Book & Literary Festival Sketching (new zine)

I drew at both the Carlisle Borderlines (Book) Festival, and the Berwick Literature (not Book) Festival this month.


I like books,
I like authors, and am curious about how they speak
I like events organised by volunteers in different places
I like drawing
I like drawing people when they are staying still
I like doodling in meetings, it helps my mind zone in (or out)
I like doing things that people appreciate


So this year I contacted the organisers of events at the different edges of what I consider to be 'my' realm: Carlisle to the west, Berwick north and east.
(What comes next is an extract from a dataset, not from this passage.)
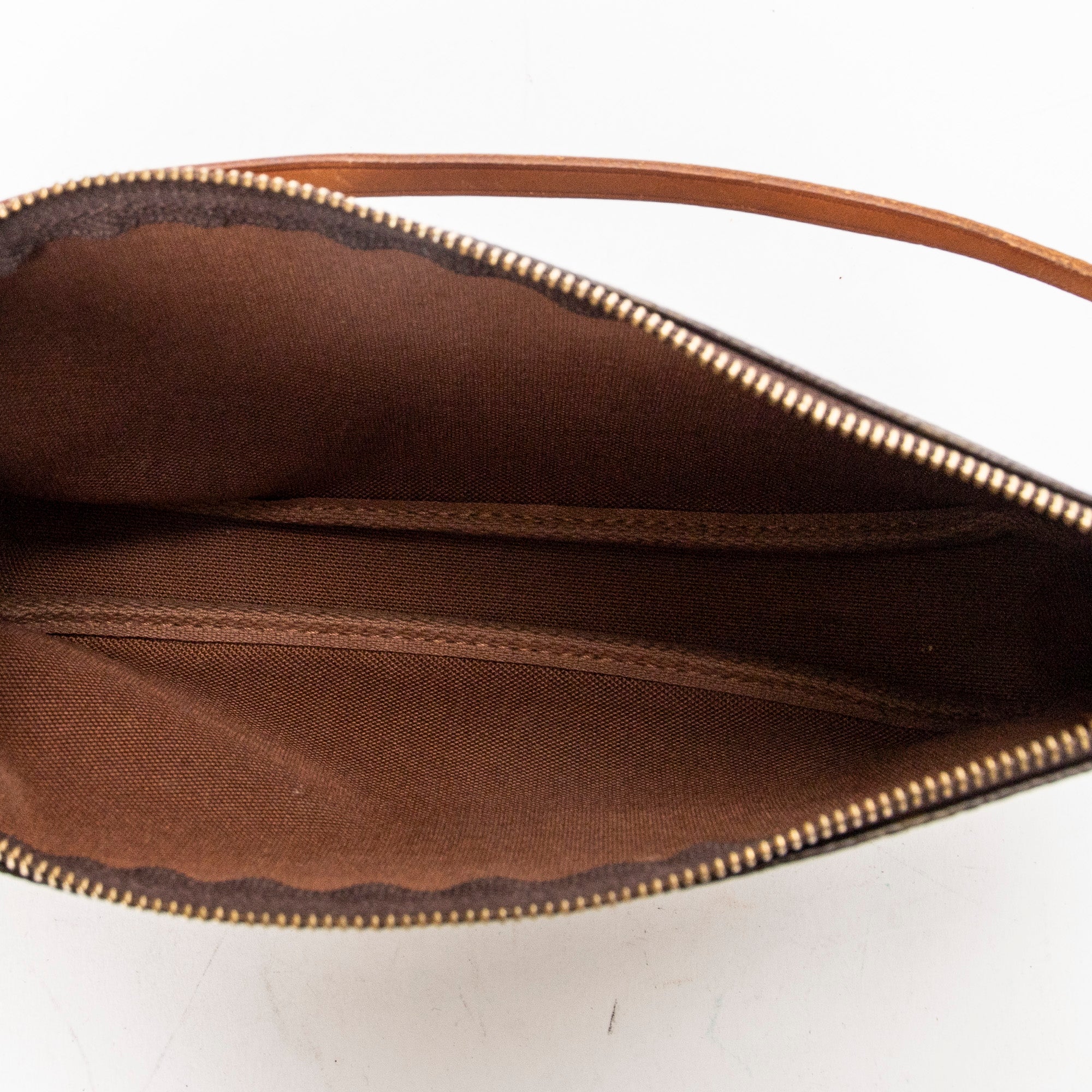 Pouch Pochette Accessoires Brown Monogram Canvas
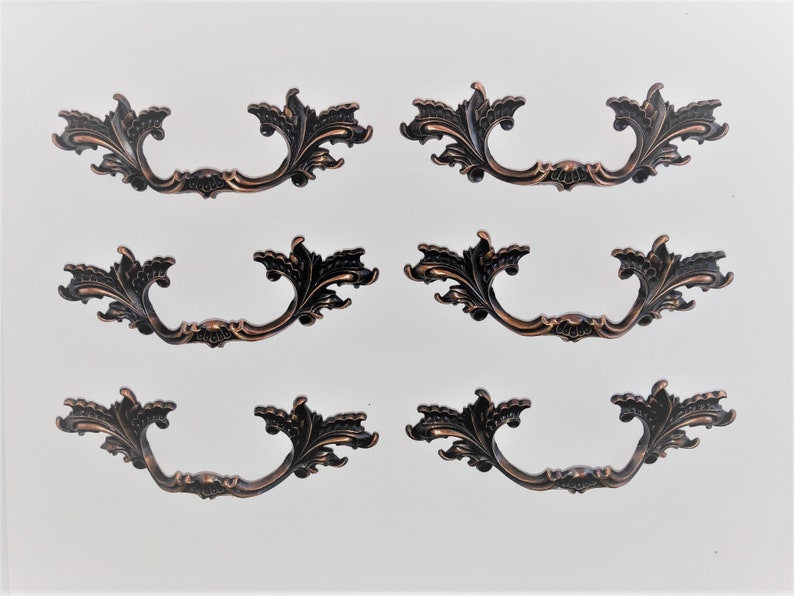 French Provincial Dresser Drawer Pulls Etsy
I live bang in the middle.


Members of both organising teams responded positively, and made me welcome, and gave me a pass to wear, and let me in for free. Thankyou Wendy and thankyou Michael!


I am just really happy to have taken part, by sketching the scene at some of their events, and if you are free next year you should definitely think about attending Carlisle Borderlines and Berwick Literary Festival


To mark this activity I will produce a free zine in time for a print fair in Shipley, town of my birth, on the first weekend of November.


It will include pages depicting, first, the engaging and lively talk by Jenn Ashworth and Andrew Michael Hurley, in an intimate Sunday morning session at Carlisle library :

 
 
 

It will also include a sketch of Jacob Polley, as he presented his new Jackself pieces to an appreciative crowd in the Tullie House Museum :

It will include my best drawing, of Jenny Uglow running through the life and art of Edward Lear, in the Crown & Mitre :

Then there was a weekend in Kendal where my drawing was done with kids in a shopping centre (not to be featured in the zine), but this was followed by a weekend in Berwick that I was kind of combining with work (so I had to pop in and out).

Here I drew Ian McMillan as he got the whole room laughing out loud and (later) singing along, accompanied by (actual) cartoonist Tony Husband.
 
Then in the morning I kayaked across the Tweed to Spittal, where Christopher Smith gave a popular talk on PG Wodehouse, in the United Reform Church :


 
My early evening sketch of Max Adams, talking of the giants who were seen in this old landscape of ours, was done in a bit of a rush and has come across too cartoony :

But in the morning I had one more chance to sketch and I'm very happy with the way that the crowd came out, listening to Katrina Porteous and Northumbrian piper, young Alice Robinson :


The zine will consist just of the scans, so the glimpses of actual backs of heads you have here are the evidence, unasked for, that they were done on the spot, that I felt welcome and appreciated, and was thrilled to get to take in all this intelligence, wit and drama, as an equal participant, giving quid pro quo and mutually beneficial exchange!